Farm earnings are broadly expected to ease this year, although USDA's latest farm income forecast projects skyrocketing prices for key commodities will help offset a steep drop in government payments and increases in production costs.

The outlook for individual sectors of the farm economy varies significantly. Steep increases in corn and soybean prices, for example, are raising feed costs for livestock and poultry producers. 

But net U.S. farm income, a broad measure of profits, is forecast to fall 8.1%, or $9.8 billion, to $111.4 billion this year. That’s still 21% higher than the average for net farm income over the last 20 years of $92.1 billion, according to USDA's Economic Research Service

Net cash farm income, which more closely tracks producers’ cash flow, is forecast down 5.8% to $128.3 billion, which is 15.3% above the 20-year average. Net cash farm income is based on cash receipts from farming, plus government payments and other farm-related income, minus cash expenses. Net farm income also factors in depreciation and changes in inventory values. 

Government payments soared in 2020 to historic levels as Congress and the Trump administration poured coronavirus relief payments and trade assistance into the farm economy. This year, government payments are projected to fall $21 billion to $25.3 billion, a reduction of more than 45%. 

The government aid projected for this year includes $8 billion in aid to be distributed from the omnibus bill enacted in December, plus $2.5 billion in additional Coronavirus Food Assistance Program payments and $2.8 billion through the Paycheck Protection Program’s forgivable loans. In 2020, farmers received $23.7 billion in CFAP payments and $5.9 billion through PPP.

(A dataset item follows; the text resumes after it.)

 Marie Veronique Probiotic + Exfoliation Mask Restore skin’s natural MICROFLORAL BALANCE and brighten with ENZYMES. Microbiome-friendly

Fueled by sharp increases in corn and soybean prices, total cash receipts for all commodities are forecast to increase $20.4 billion, or 5.5% to $390.8 billion this year. Revenue from corn and soybeans is expected to be 19% higher this year at $16.1 billion, while receipts from fruits, vegetables and cotton are expected to be down in 2021.

Those same increases in corn and soybeans will be raising production costs for livestock and poultry producers. Feed costs are forecast to increase $1.9 billion, or 3.2% higher this year, with overall farm production expenses rising 2.5%, or $8.6 billion, to nearly $354 billion. USDA projects significant cost increases for fertilizer (4.6%) and labor (5.3%).

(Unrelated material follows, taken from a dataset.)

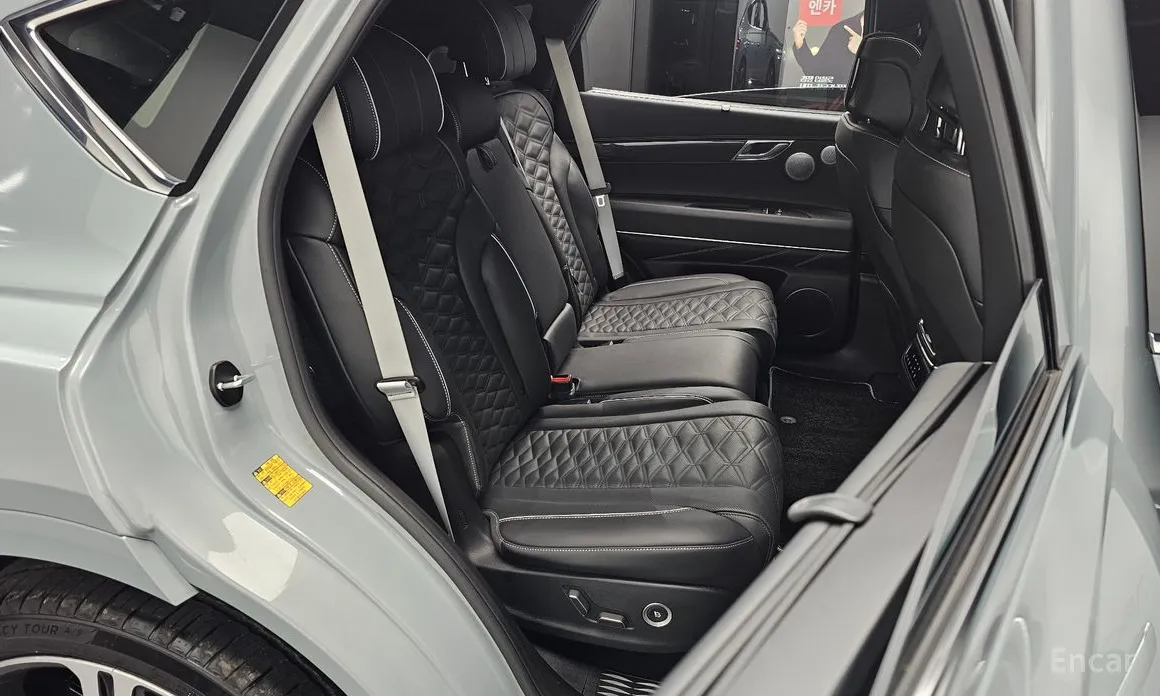 Фото 12 - Genesis GV80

USDA spokesman Matt Herrick said the new farm income forecast as well as export data released Friday detailing the soaring exports to China "reflect a growing need to ramp up our focus on expanding existing markets to create new opportunities for farmers, ranchers and producers at home and abroad.

"New market opportunities will ensure our producers are not so reliant on government support or the whims of a handful of trading partners. Ultimately, the data released today demonstrates growing export strength and a rebound in cash receipts for farmers—two positive stories owed largely to growing confidence in our economy."